Or, ‘I Love the Sound of Breaking Glass’
Starting in fifth grade, we changed from collecting candy to collecting candy and raiding. Raiding, suburb-style consisted of: throwing hard corn and/or cobs at windows and (especially) metal awnings, soaping cars (with or without profanities), and, if you were hard core, eggs.
Corn was easily obtained , as a huge field of 7 foot tall stalks was two streets up. It was so dark in there you could have buried a Chevy and no one would see it. You waded, took your time, filled up your bag, and split. Eggs were a bit of a bitch to carry, so I didn’t use them.
Good thing, too. A guy up the block who was illegally running a business out of his house, paid off three kids to egg the neighbor’s house (said neighbor was pressing borough officials to issue him summons). The eggs really fucked up his aluminum siding. But of course, suspicion fell on the sneaky guy and it didn’t take long for one kid to tell another, and another, etc. Kids got sweated by the cops, the sneaky guy was arrested and made restitution. His family (especially his son) were shunned by the entire neighborhood, and he gave up and moved after a year.
Kids on the hill did their houses, we did ours until……one year, both packs decided to go to other’s turf.
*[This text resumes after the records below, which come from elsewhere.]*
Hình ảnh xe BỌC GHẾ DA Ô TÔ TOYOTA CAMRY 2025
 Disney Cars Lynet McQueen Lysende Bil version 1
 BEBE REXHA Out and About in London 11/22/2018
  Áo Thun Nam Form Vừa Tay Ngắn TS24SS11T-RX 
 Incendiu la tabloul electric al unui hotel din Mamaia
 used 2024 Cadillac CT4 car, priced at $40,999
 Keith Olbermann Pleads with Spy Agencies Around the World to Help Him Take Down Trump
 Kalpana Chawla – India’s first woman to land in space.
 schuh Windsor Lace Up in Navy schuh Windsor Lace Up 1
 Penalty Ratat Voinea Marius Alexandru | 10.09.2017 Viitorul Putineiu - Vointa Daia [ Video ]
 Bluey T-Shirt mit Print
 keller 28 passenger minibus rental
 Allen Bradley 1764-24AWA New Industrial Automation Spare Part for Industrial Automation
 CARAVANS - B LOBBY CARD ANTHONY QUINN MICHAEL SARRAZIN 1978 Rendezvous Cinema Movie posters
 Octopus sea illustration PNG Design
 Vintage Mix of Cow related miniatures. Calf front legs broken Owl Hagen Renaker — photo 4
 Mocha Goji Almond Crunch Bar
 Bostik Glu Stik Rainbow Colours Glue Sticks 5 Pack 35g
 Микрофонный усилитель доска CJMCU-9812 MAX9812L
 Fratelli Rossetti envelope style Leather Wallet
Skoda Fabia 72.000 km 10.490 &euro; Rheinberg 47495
We met near the baseball field. Someone said we should all attack one house nearby. So there we stood in a backyard–Twelve juvenile-deliquents-for-a-night in a semi-circle, handful of corn right hand, cob in the other. On signal, the corn flew, sounded like Omaha Beach 1944. Then the cobs–thump, thump, thump, CRASH, tinkle.
From next to me, whispered: “Oh, fuckkkkk.” Broken window, we vanish into the night.